The National Weather Service is predicting snow for the Washington area Thursday, meaning that, of course, commuters are in a panic.

"Close them now! Close them now!" AAA Mid-Atlantic spokesman Lon Anderson joked about the region's roads. "We don't know how to deal with snow in this town. The thought of snow causes such fear and panic that we should just close the roads now."

But regional transportation agencies have no plans to close roads, and Metro said it plans to operate normally, even though the National Weather Service has said the area is under a "winter storm watch" Thursday.

Transportation officials said they could not pretreat roads Wednesday with a salt solution to prevent them from icing over because of the rain.

However, the Virginia Department of Transportation plans to pretreat interstates and major roads in the morning, and both VDOT and the Maryland State Highway Administration are standing by with one eye on the weather forecast, ready to plow and salt as needed.

"Right now, of course, the focus will be the [Interstate] 95 corridor and south of Prince William County," said VDOT spokeswoman Jennifer McCord.

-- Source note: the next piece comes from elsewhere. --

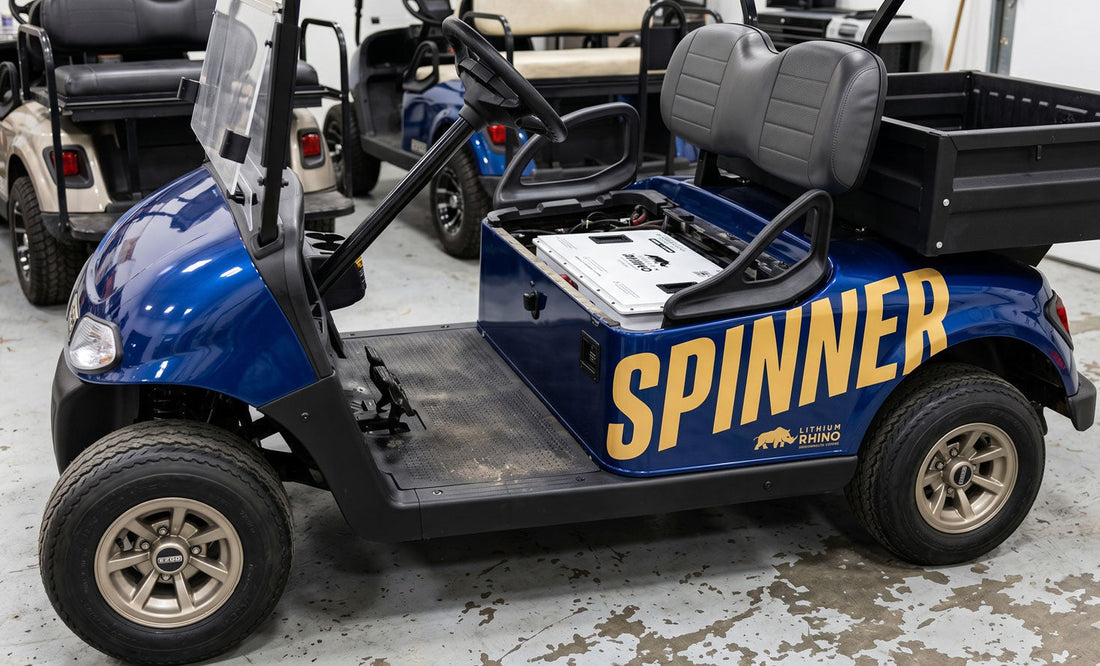 What to consider when converting lead batteries to lithium.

The agency plans to bring in about 650 crews to manage the roads in the event of snow, she said. Among the areas where crews are being mobilized are Prince William, Loudoun and Fairfax counties. If there is more than 2 inches of snow, the crews will also plow subdivisions.

Central Virginia likely will get hit with the bulk of the storm, said Andy Woodcock, a forecaster with the National Weather Service. While the District could get more than 5 inches -- qualifying for a "watch" -- D.C. is more likely to get between 1 and 3 inches -- an "advisory" -- or even less than an inch.

Farther north in Montgomery County, there is likely to be very little snow, he said.

What makes this storm potentially more problematic, though, is that it is expected to hit just before evening rush hour begins.

"Just the slight amount of snow can cause mayhem and pandemonium on the Washington area's roads," Anderson said. "We don't drive in it very well."

Maryland State Highway Administration spokesman Charlie Gischlar urged drivers to call 511 or check for updates on road conditions, and McCord reminded drivers to keep speeds low and to avoid driving during the height of the storm if possible.

And no matter how much or how little snow, the D.C. government is prepared, Mayor Vincent Gray said Wednesday. "We are at the ready."